Sep-17-03  Shadout Mapes: Wow, I always heard Kotov was a major grandmaster, but Keres simply tore him to shreds. Is there anything wrong with 9...Nxh5?
Jan-30-04  Dick Brain: <Honza> it certainly was a nice game. It's the first game given in Vukovic's "art of attack in chess". And a very original opening to say the least. It seems pretty impossible that 10 Nxe6 could have been home preparation.

<Shadow Mapes> As far as I know 9. Bh5 was played in only one other international game, Peretz - Saidy, in 1969. Saidy played 9... g6 and got a perfectly satisfactory game until he hung a rook a few moves later like a complete patzer.

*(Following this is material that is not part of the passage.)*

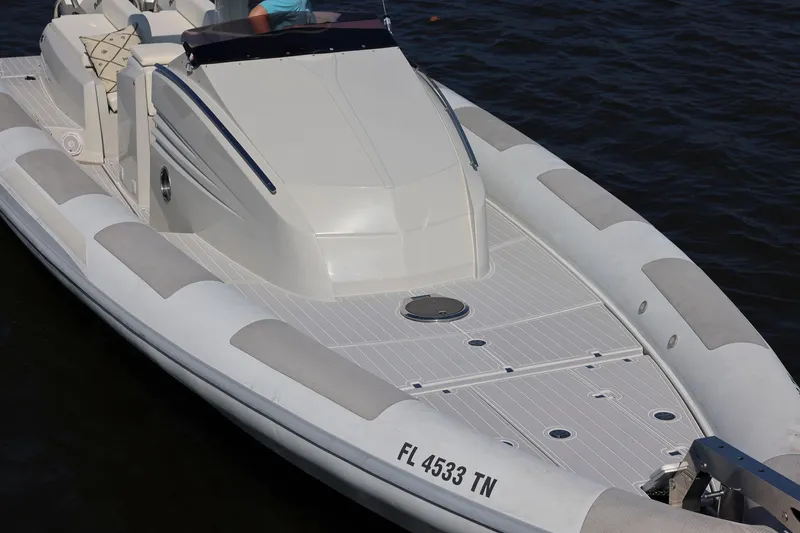 Slide: The Image of 2013 Zeta Elle 34 Custom boat on water, featuring sleek design and comfortable seating. - 2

Sep-28-04  zhentil: i think the reason he avoided nxh5 is that white, after qxh5, is already threatening nxe6. after qxh5 g6, white goes qh4 and the weak dark squares, along with white's pressure along the h4-d8 diagonal, leave black in a bad way.
Oct-18-04  RonB52734: <D.Brain> In my version (a 2003 reprint edited by John Nunn) this is the 4th full game given in the book, and I'm just reading your kibitzes before playing through it for the first time.

I gather that the "games like this one" feature only picks up at move 7. For this game, it's interesting to note that of the 14 "similar" games, Kotov was black in 10 of them (+1 -2 =7).

Jan-26-06  morphyvsfischer: 9...Nc5 instead of 9...Qc4? and now the sac doesn't work since the knight is covering c7.

10...Kd8? is a boo-boo as well

Jun-02-06  Hidden Skillz: if 11.Kd8 is not better than Nxd5 then i dont know what is.. due to Re1.. what do u suggest mvsf?
Apr-09-08  DrGridlock: This game is annoted by Keres in "The Complete Games of Paul Keres."

While the opening was home-cooked by Keres, Kotov's 9th move (Qc4) deviated from Kere's analysis, and the Knight sacrifice 10 Ne6 was found by Keres "on the fly."

After 6 Be2, Keres writes:
"I had definite reasons for choosing this move in the game. Kotov always employed in this variation a development system akin to the Scheveninengen with the moves Q-B2, P-K3 and B-K2, and I had prepared a new type of attacking continuation precisely against this."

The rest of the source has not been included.